Раз уж меня отвлекли от моих мыслей, то я считаю нужным возразить.
– Ну да, конечно!
– Что?
– Хочешь сказать: «Кинуть нас и не дать вообще никакой еды». Подумай об этом…
Мелисса на мгновение задумывается, хотя и сохраняет прежнее выражение.
– Идеальное разводилово, – объясняю я. – Облапошили дурочек. Уже слышу как денежки звенят – «дзынь»!
– Нет! – пугается она.
Я приподымаю бровь, а она снова потирает живот, уже не такая уверенная.
– То есть, я хочу сказать, вряд ли… Тебе обязательно всегда быть такой циничной?
Я немного думаю и отвечаю:
– Да. Всегда.
– Помнишь, как папа повез нас в аквариум, когда мама лежала с очередным приступом мигрени, и ты не верила, что рыбы настоящие? – спрашивает меня Мелисса. – Ты все кричала «Они марионетки!» и искала веревочки. А потом, когда не нашла, требовала показать, кто ими управляет?

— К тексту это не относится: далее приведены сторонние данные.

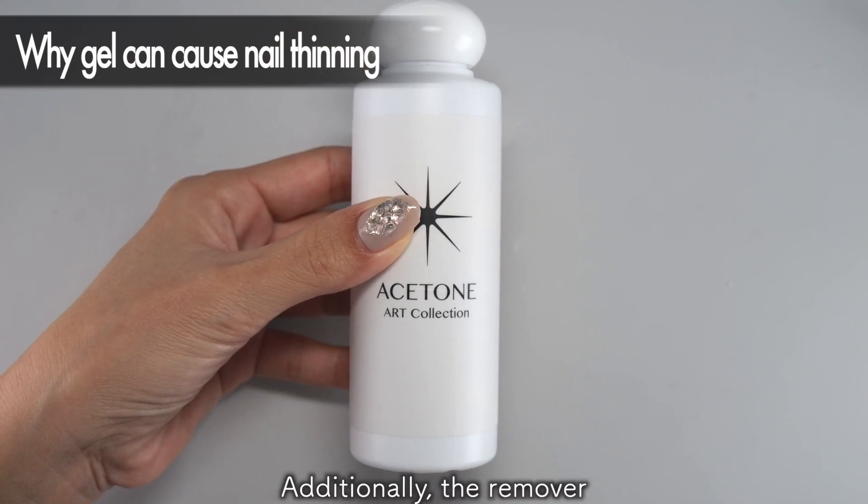As a result, every time you change the gel, your natural nails become thinner. I too have experienced significant thinning by repeatedly filing and removing gel for my middle finger while shooting videos. Nails are considered dead cells — the nail plate itself lacks nerve connections, and once a portion becomes thin it cannot regenerate. The new growth is at the original thickness, but it takes about six months for nails to completely regrow to the full length.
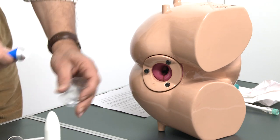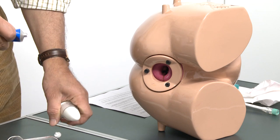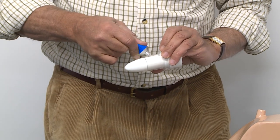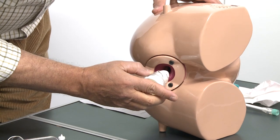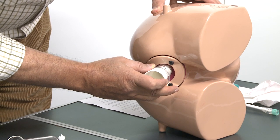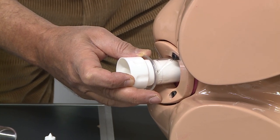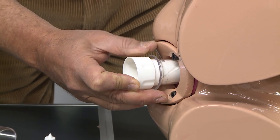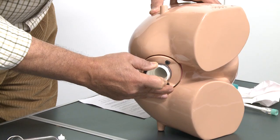We apply KY jelly liberally on the trocar and the sleeve and begin introduction with very gentle, steady pressure to dilate the external sphincter. Because patients are apprehensive and worried, they contract the external sphincter, and steady, very slow pressure is required to dilate it and reduce patient discomfort.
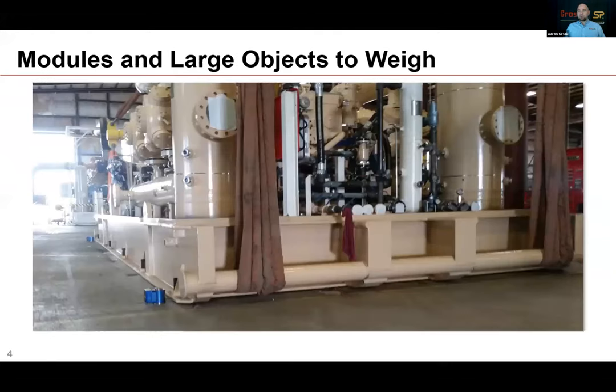In this photo, you'll see a large module skid going out to a customer. The manufacturer wants to know the weight of the object and the center of gravity so they can send that information to their customer where it's going to be arriving. You can see our compression cells staged to go underneath the skid once it's lifted in the warehouse.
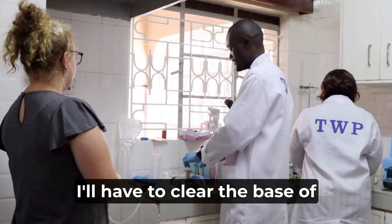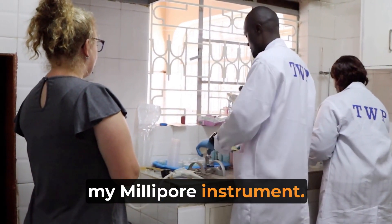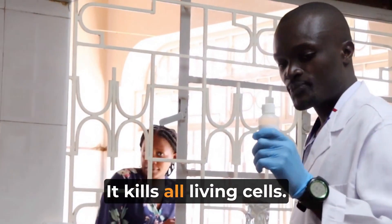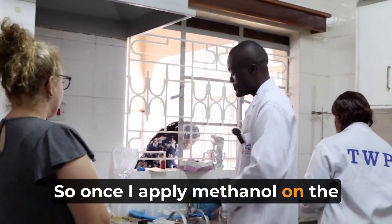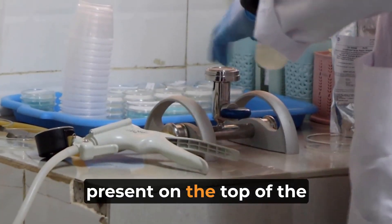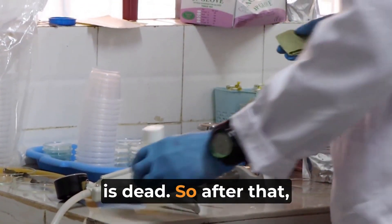First of all, I'll have to clear the base of my milipo instrument. I'll clear it with methanol. Methanol is a biocide — it kills all living cells and denatures them. So once I apply methanol on the base, whatever biological cell was present on the top of the milipo has been cleared or is dead.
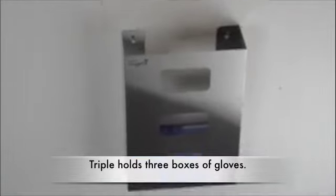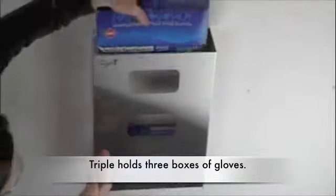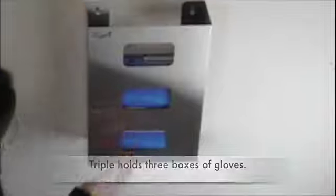And the second one — and these are not completely rust proof, but very resistant to corrosion, antibacterial, and can be sterilized. And of course, they are 100% recyclable. But there you have it, nice and snug — three boxes in a stainless steel glove box holder. Thank you again. Thanks for watching.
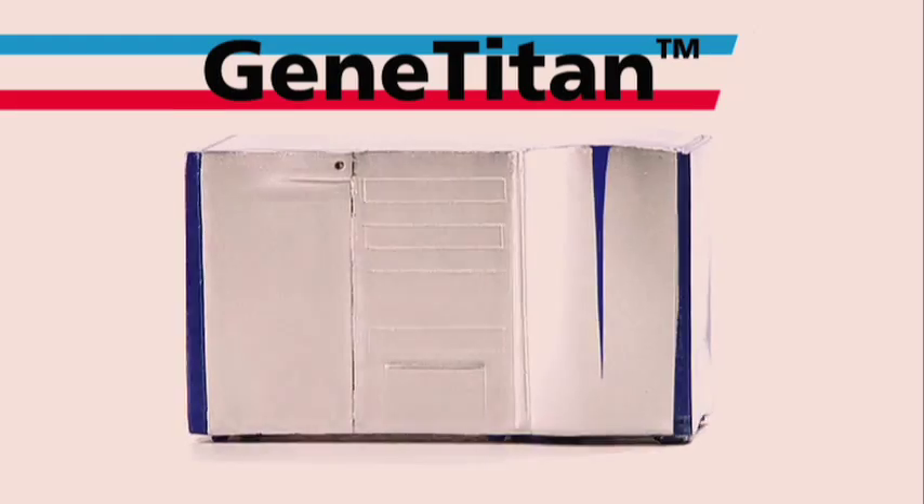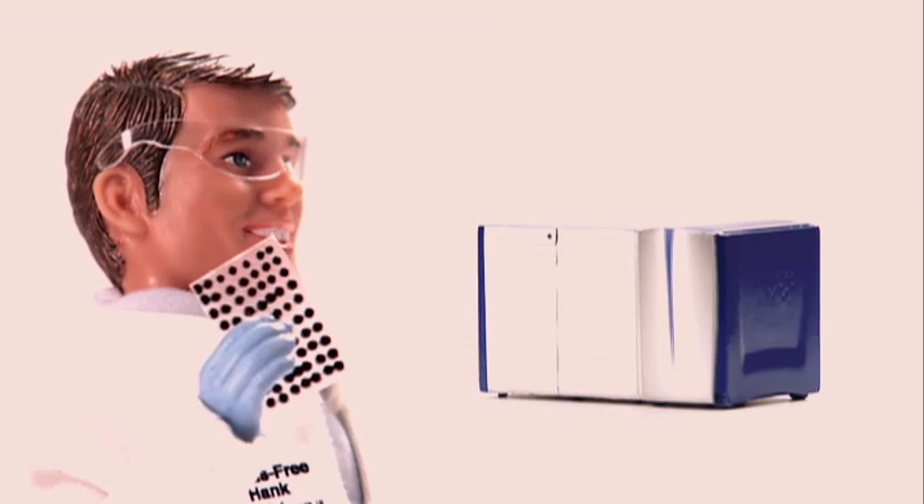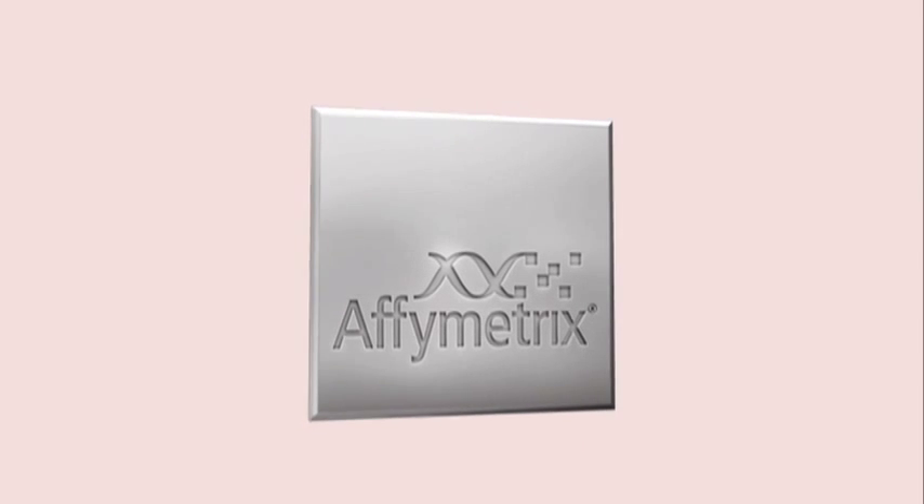Gene Titan system comes equipped with the GeneChip Command Console software. Hands-free Hank, Genome Jane, P.I. Pedro — array plates and assays sold separately from Affymetrix.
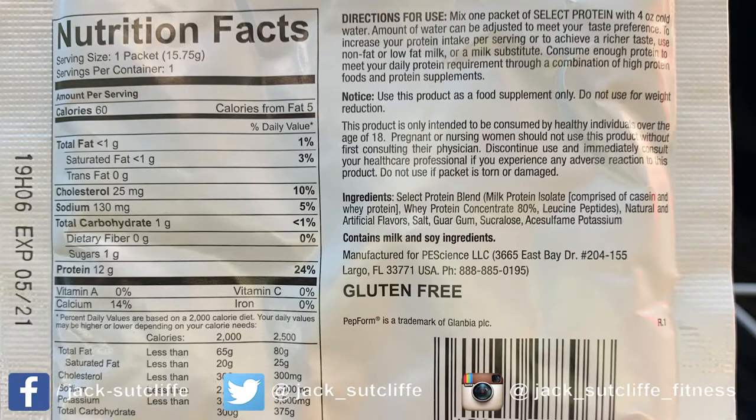Let me just double-check these ingredients real quick because I'm really intrigued. So yeah: Select Pro Protein Blend — milk protein isolate comprised of casein and whey, and then whey protein concentrate 80%, leucine peptides. Not bad at all.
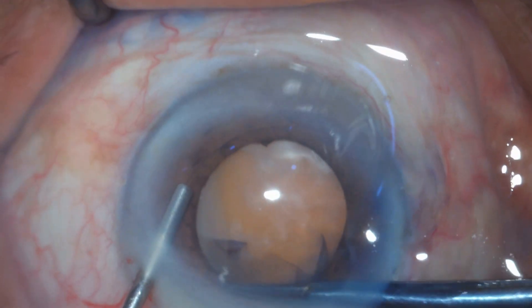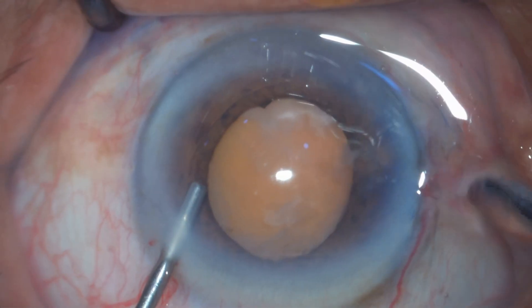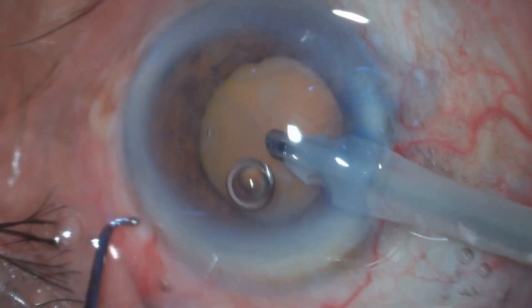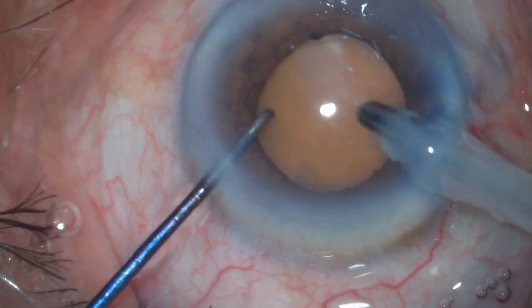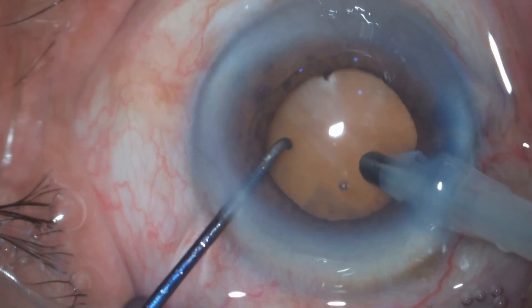In many places the capsule is fibrosed and zonules are quite weak in these kinds of patients, so we have to be very careful while doing capsulorhexis. My target capsulorhexis is around 5 to 5.5mm. There is hardly any cortical matter — it's nucleus only into the bag — so there is no need for hydrodissection.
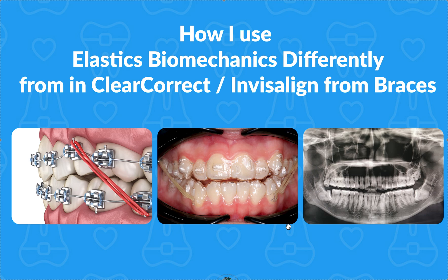With braces, we align and level first using light ni-tie wires. We do not close any space in light ni-tie wires. We do not use class two and class three elastics. We will use posterior box elastics for deep bites or for high canines — light ones in light ni-tie wires. For most patients, you're not getting into class two, class three elastics until the second half of treatment, after working through our 12s, 14s, 16s, 18s. Take a progress pano, do repositions if needed, especially if you're doing indirect bonding.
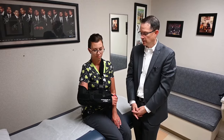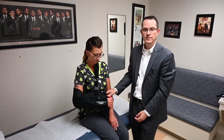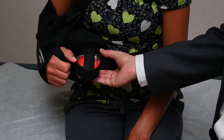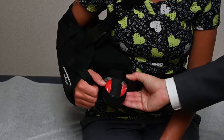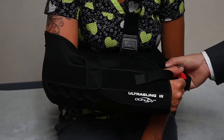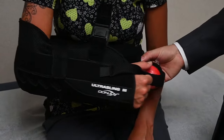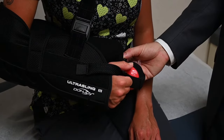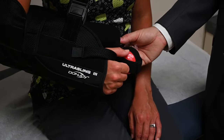The second thing to look at is the strap around the waist. Patients often ask whether the pillow should be all the way to the side or all the way to the front. As a general rule, place the pillow about halfway between the side and the front in a comfortable 45-degree position.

Мышцы в уголках рта у меня начинают дергаться, потому что в кои-то веки я что-то смутно вспоминаю про большой стеклянный ящик и про то, как я была убеждена, что все это один большой обман.
– Ты уже тогда всех подозревала. Ты хоть верила в Санта-Клауса?
– Не помню, – отвечаю я. Но поскольку Мелисса инстинктивно не верит медикам, а я не верю всем остальным, то подозреваю, что настоящий ответ – «Нет».
– Наверное, нет, – добавляю я.
– Вот именно! Это я и хотела сказать!
После этого она возвращается к своим делам, то есть продолжает держать в руках удочку. Из-за облаков выходит солнце и на несколько мгновений ослепляет нас своим отражением на волнах. Я закрываю глаза и наслаждаюсь теплом, пока есть такая возможность.
– Ты чего улыбаешься? – спрашивает Мелисса.
– Улыбаюсь? Я не улыбаюсь, – я распахиваю глаза, приходя в полное сознание.
– Ну обычно ты и не улыбаешься, – соглашается Мелисса, переминаясь при этом с ноги на ногу. – Но я заметила легкую ухмылку! Ну согласись, ты хотя бы на миллисекунду нашла удовольствие в этой поездке?
– Нет!
– Ну ладно… – говорит она тоном, свидетельствующем о полном недоверии ко мне.
И я понимаю, что она может быть права.
Когда в лагерь возвращается Марго, выглядит она уже не так самодовольно. Триша устало бредет за ней, старательно обходя колючки, шишки и, возможно, овечьи какашки, чтобы не наступить на них босыми ногами.
– У нас есть еда! – объявляет Мелисса, хватая внутренности одной из рыб, которых поймал Магнус и отмахивая волосы запястьем, благодаря чему размазывает кишки по всему лбу.
Я любезно предложила помочь с костром (возиться с кишками мне не хотелось…) и поэтому сейчас тыкаю в него палкой, создавая видимость, что приношу пользу.
– Ну как ты, нормально? – шепчу я Трише, кивая на озабоченную Марго.
– О да, просто не так уж много нашли. Она все бормотала про себя: «Историю пишут победители». Упаси боже, начнется война…
Я догадываюсь, в чем тут дело. Марго раздражена, потому что на этот раз она не «победила» в добывании пищи. У кого-то фобия неудач. Уж мне ли не знать.